January 05, 2022
Over the last years Melissa and I have enjoyed the turkey sculpture made from hay bales we have encountered along the road to one of the outlet tubes we fish. This usually arrives before Thanksgiving with a pilgrim hat and is later given a red felt hat for Christmas. The body of the turkey is comprised of one of the large round bales and the tail feathers and neck/head or made of painted planks of wood. I decided to take the back way to work last week and encountered another hay bale sculpture along the road. This time it was a snowwoman painted white with a fancy hat and gloves on its stick hands. It was even equipped with solar lights.
When I looked online, I found hay balers have been around since the late 1800’s. This was the same time the agricultural industry was evolving through the introduction of new machines.

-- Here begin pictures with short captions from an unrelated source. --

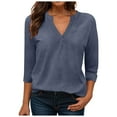 thumbnail image 1 of eczipvz Womens 3/4 Length Sleeve Tops 2025 Summer V Neck Tee Shirts Dressy Casual Work Tunic Blouses Spring Clothes(Dark Blue,2XL), 1 of 6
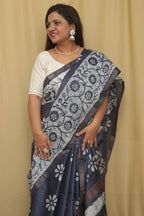 Elegant Grey Bhagalpur Chanderi Silk Batik Printed Saree - Luxurion World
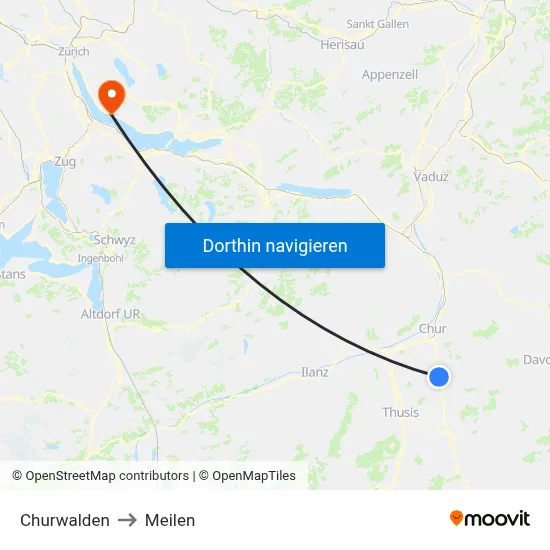 Churwalden to Meilen map
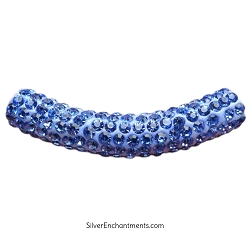 Light Blue Sapphire Crystal Studded Large Hole Curved Tube Beads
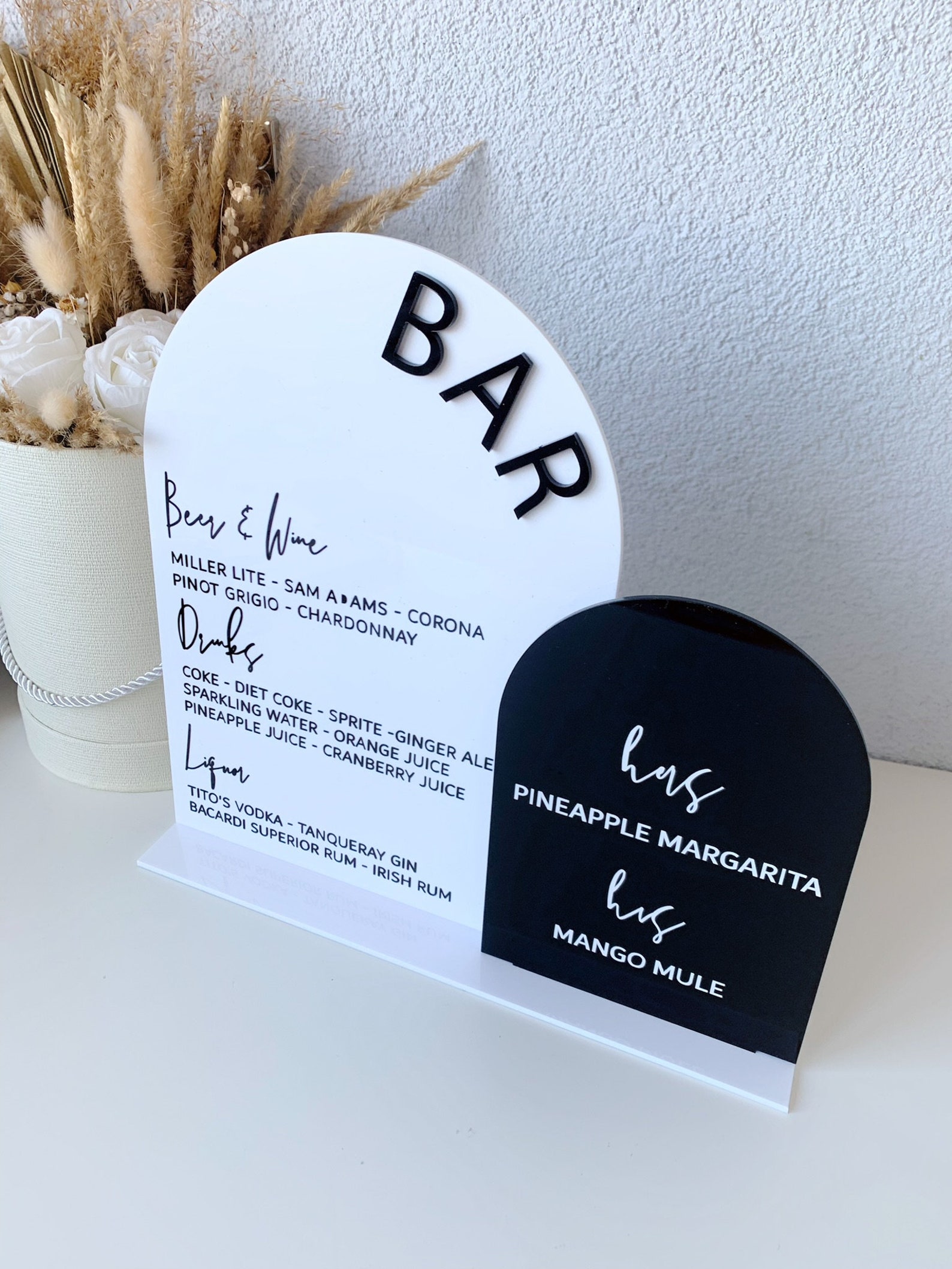Personalized Acrylic Bar Menu Sign, Drink Menu Signage for Event, Table ...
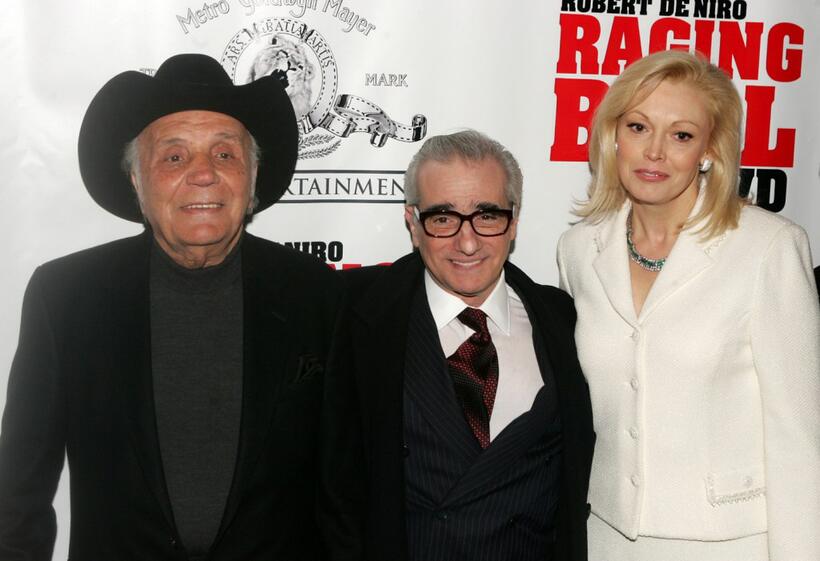Jake LaMotta, Director Martin Scorsese and Cathy Moriarty at the special screening of "Raging Bull."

Before the introduction of the baler hay was stored loose in the field or the upper story of a farmer’s barn. Both took up valuable space and the balers were a welcome invention. Hay was taken from the field and put into the machines bale chamber by hand. The baler was horse-driven to compress the hay until it reached the right size, then twine or wire was wrapped around the bale and tied. Steam engines took over from the horse and then the internal combustion tractor replaced the steam engine. In the 1930’s, balers were attached to tractors, allowing them to pick the hay up from the ground. Thirty years later, hydraulics allowed the introduction of the large round baler. The most popular baler on the market today is the round hay baler which produced the two bales that made up the snowwoman.
Today the small rectangular bales that once prevailed are primarily used on small acreages where large equipment is impractical. These bales are about 15 x 18 x 40 inches (38 x 46 x 102 cm) and are wrapped with two strands of knotted twine. The bales are light enough for one person to handle, or about 60 pounds (27 kg) but with more pressure can be up to 100 pounds (45.5 kg). The round baling machine produces bales that are approximately 1.5 meters (4.9 feet) in diameter, 2 meters (6.6 feet) long, and weighed about 270 kilograms (600 pounds) after they are dried. The other form of today’s bales are the large square baler developed in 1978. This produces bales that can be easily transported and stacked. Depending upon the baler, these bales can weigh from 1,000 to 2,200 pounds (450 to 1,000 kg) for a 3 x 3 x 9 foot bale (0.91 x 0.91 x 2.74 meter), or 3 x 4 x 9 foot (0.91 x 1.22 x 2.74 meter) bale. These bales are wrapped with 4-6 strings to maintain the bale’s shape. Both are too big for one person to move.
Thoughts: One of my memories in high school was bucking bales on my grandfather’s farm. While most of his energy went toward growing wheat, he also ran cattle on pastures where wheat would not grow. The hay was pressed into small bales and then two of his sons would supervise the grandsons as we moved the bales from the field to the trailer, and then to the loft of the barns for storage. I recall the comradery we enjoyed sweating in the heat as we worked, joked, and told stories about life. That is harder to find as one person on a tractor now moves the round or large bales around the farm. As our world become increasingly mechanized and digitized, we can still find ways to create community. All it takes is a willingness to create comradery by sharing a part of yourself. Do the work. Follow the science. Change is coming and it starts with you.